DTS-Net: Depth-to-Space Networks for Fast and Accurate Semantic Object Segmentation.

作者信息

Ibrahem Hatem, Salem Ahmed, Kang Hyun-Soo

机构信息

Department of Information and Communication Engineering, School of Electrical and Computer Engineering, Chungbuk National University, Cheongju-si 28644, Korea.

Electrical Engineering Department, Faculty of Engineering, Assiut University, Assiut 71515, Egypt.

出版信息

Sensors (Basel). 2022 Jan 3;22(1):337. doi: 10.3390/s22010337.

DOI:10.3390/s22010337

PMID:35009879

原文链接:https://pmc.ncbi.nlm.nih.gov/articles/PMC8749585/

Abstract

We propose Depth-to-Space Net (DTS-Net), an effective technique for semantic segmentation using the efficient sub-pixel convolutional neural network. This technique is inspired by depth-to-space (DTS) image reconstruction, which was originally used for image and video super-resolution tasks, combined with a mask enhancement filtration technique based on multi-label classification, namely, Nearest Label Filtration. In the proposed technique, we employ depth-wise separable convolution-based architectures. We propose both a deep network, that is, DTS-Net, and a lightweight network, DTS-Net-Lite, for real-time semantic segmentation; these networks employ Xception and MobileNetV2 architectures as the feature extractors, respectively. In addition, we explore the joint semantic segmentation and depth estimation task and demonstrate that the proposed technique can efficiently perform both tasks simultaneously, outperforming state-of-art (SOTA) methods. We train and evaluate the performance of the proposed method on the PASCAL VOC2012, NYUV2, and CITYSCAPES benchmarks. Hence, we obtain high mean intersection over union (mIOU) and mean pixel accuracy (Pix.acc.) values using simple and lightweight convolutional neural network architectures of the developed networks. Notably, the proposed method outperforms SOTA methods that depend on encoder-decoder architectures, although our implementation and computations are far simpler.

摘要

我们提出了深度到空间网络（DTS-Net），这是一种使用高效子像素卷积神经网络进行语义分割的有效技术。

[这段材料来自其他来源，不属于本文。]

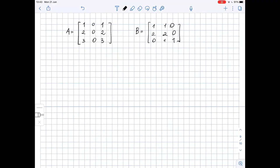We need to show that matrices A and B are not similar. We know that if matrices A and B are not similar, then their eigenvalues are not the same. So let's find the eigenvalues of matrix A and matrix B and compare them. Let's start with matrix A, where we compute the determinant of A minus lambda times the identity matrix equals zero.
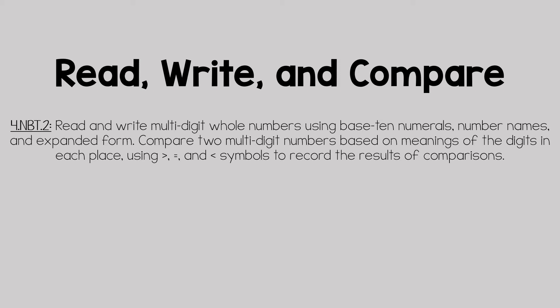In this instructional video, students will be able to read and write multi-digit whole numbers using base 10 numerals, number names, and expanded form. Students will also be able to compare two multi-digit whole numbers using the signs of greater than, less than, and equal to to compare the whole numbers.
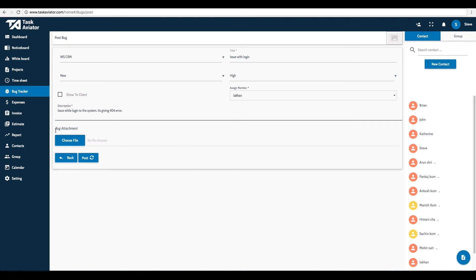You can also attach related files or logs using the Choose File button. Click on the Post button to submit the bug.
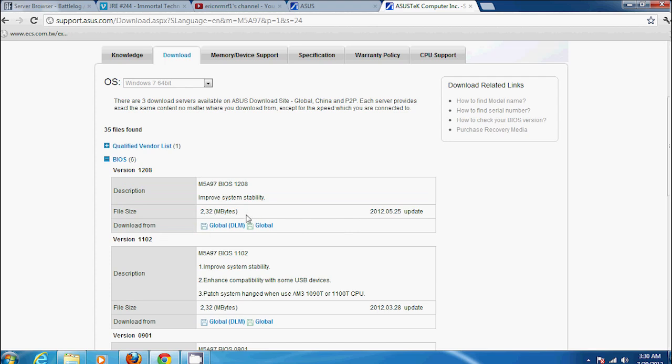Once it's complete, extract it. It should be a ROM file or ISO or something like that. Put it on a flash drive. Make sure the flash drive is formatted to NTFS.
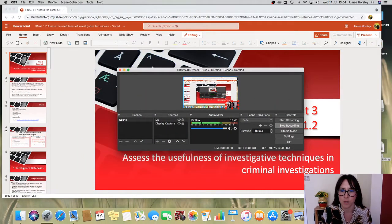Hi everyone, it's Amy here from the blog I Think Therefore I Teach. Welcome to part two of unit 3, 1.2. This is such a huge topic that I've done it in two different sections. This one is for assessing the usefulness of investigative techniques in criminal investigations, and this video is going to focus on profiling and interview techniques.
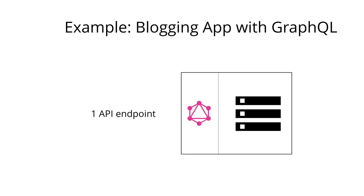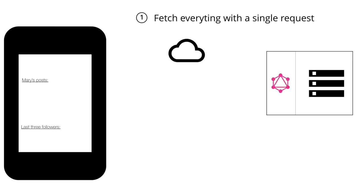So how can you solve that same situation with a GraphQL API? With GraphQL, you would only have a single endpoint that would be used by all the different clients that want to retrieve data from the server. So with GraphQL, you would actually only send a single request to the server and the server would respond with all the information that you need.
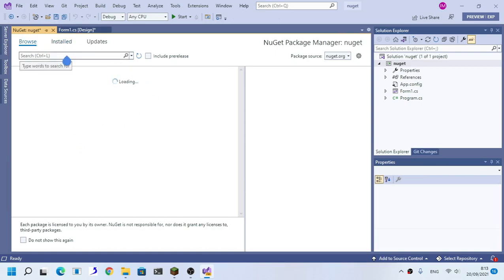Now as you can see, search whatever NuGet package you want. For example, Gong Shell.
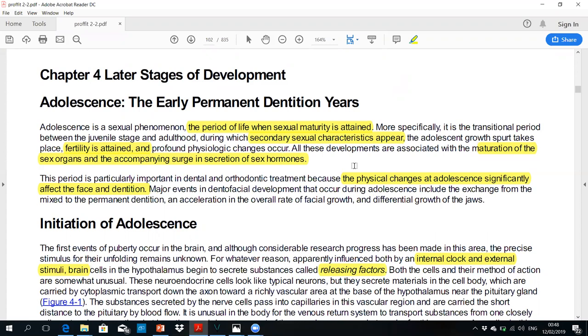Tomorrow we will talk about adolescence, which is the sexual phenomenon. This is the period of life when sexual maturity is attained. It is basically a transition period from the juvenile stage to adulthood.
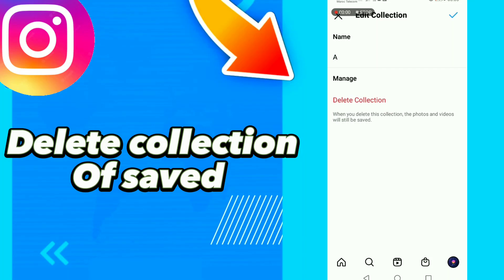How to delete a collection in the feed on Instagram. If you want to delete a collection on Instagram, first follow these steps.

该技术受到深度到空间（DTS）图像重建的启发，DTS最初用于图像和视频超分辨率任务，并结合了基于多标签分类的掩码增强过滤技术，即最近标签过滤。在所提出的技术中，我们采用基于深度可分离卷积的架构。我们提出了一个深度网络，即DTS-Net，以及一个轻量级网络DTS-Net-Lite，用于实时语义分割；这些网络分别采用Xception和MobileNetV2架构作为特征提取器。此外，我们探索了联合语义分割和深度估计任务，并证明所提出的技术可以同时高效地执行这两个任务，优于当前最先进（SOTA）的方法。我们在PASCAL VOC2012、NYUV2和CITYSCAPES基准上训练和评估所提出方法的性能。因此，我们使用所开发网络的简单且轻量级的卷积神经网络架构获得了较高的平均交并比（mIOU）和平均像素准确率（Pix.acc.）值。值得注意的是，尽管我们的实现和计算要简单得多，但所提出的方法优于依赖编码器-解码器架构的SOTA方法。